Assigned task
The records appear below. Copy each one exactly.

Entries supplied
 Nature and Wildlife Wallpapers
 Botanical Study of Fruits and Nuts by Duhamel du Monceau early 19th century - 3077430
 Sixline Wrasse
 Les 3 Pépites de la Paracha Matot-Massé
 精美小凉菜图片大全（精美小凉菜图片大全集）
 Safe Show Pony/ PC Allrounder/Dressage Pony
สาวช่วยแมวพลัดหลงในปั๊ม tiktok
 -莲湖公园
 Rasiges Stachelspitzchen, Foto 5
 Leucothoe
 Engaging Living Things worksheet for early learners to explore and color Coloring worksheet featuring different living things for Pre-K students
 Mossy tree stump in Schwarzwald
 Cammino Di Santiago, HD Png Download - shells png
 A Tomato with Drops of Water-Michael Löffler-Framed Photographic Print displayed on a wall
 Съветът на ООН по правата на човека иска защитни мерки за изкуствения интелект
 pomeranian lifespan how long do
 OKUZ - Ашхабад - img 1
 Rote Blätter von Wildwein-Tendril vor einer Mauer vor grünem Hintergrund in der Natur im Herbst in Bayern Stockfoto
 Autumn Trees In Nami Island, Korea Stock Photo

Result
 Nature and Wildlife Wallpapers
 Botanical Study of Fruits and Nuts by Duhamel du Monceau early 19th century - 3077430
 Sixline Wrasse
 Les 3 Pépites de la Paracha Matot-Massé
 精美小凉菜图片大全（精美小凉菜图片大全集）
 Safe Show Pony/ PC Allrounder/Dressage Pony
สาวช่วยแมวพลัดหลงในปั๊ม tiktok
 -莲湖公园
 Rasiges Stachelspitzchen, Foto 5
 Leucothoe
 Engaging Living Things worksheet for early learners to explore and color Coloring worksheet featuring different living things for Pre-K students
 Mossy tree stump in Schwarzwald
 Cammino Di Santiago, HD Png Download - shells png
 A Tomato with Drops of Water-Michael Löffler-Framed Photographic Print displayed on a wall
 Съветът на ООН по правата на човека иска защитни мерки за изкуствения интелект
 pomeranian lifespan how long do
 OKUZ - Ашхабад - img 1
 Rote Blätter von Wildwein-Tendril vor einer Mauer vor grünem Hintergrund in der Natur im Herbst in Bayern Stockfoto
 Autumn Trees In Nami Island, Korea Stock Photo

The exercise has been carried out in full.